(Beginning of Dataset section)

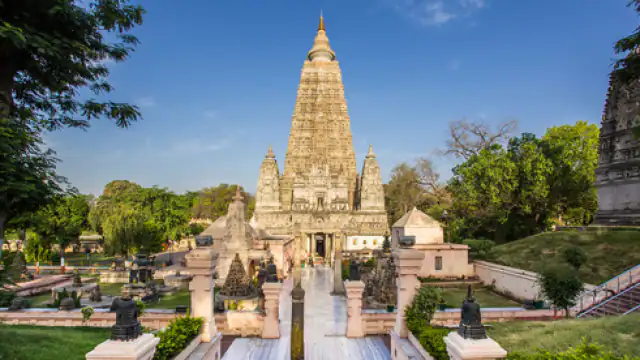 बिहार के सबसे पवित्र मंदिरों में से एक है महाबोधि मंदिर, जाने से पहले जान लीजिए ये खास बातें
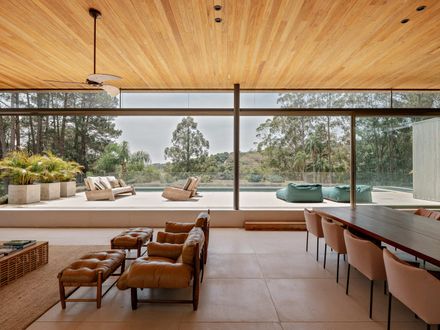 JL Dam House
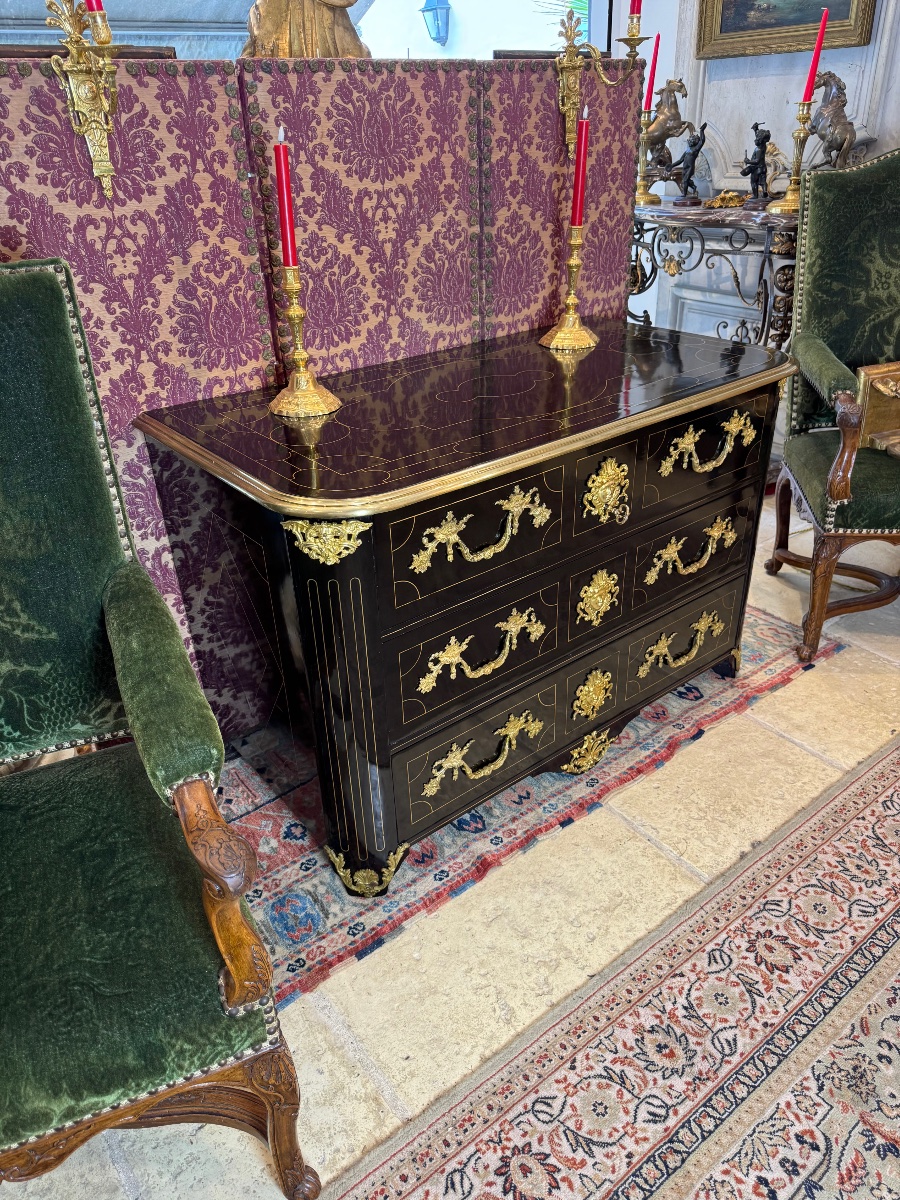 Commode d’époque Louis XIV en placage de poirier noirci à trois tiroirs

(End of Dataset section)

Task item:
Would you restate the listing word for word without its pictures?

Response area:
 बिहार के सबसे पवित्र मंदिरों में से एक है महाबोधि मंदिर, जाने से पहले जान लीजिए ये खास बातें
 JL Dam House
 Commode d’époque Louis XIV en placage de poirier noirci à trois tiroirs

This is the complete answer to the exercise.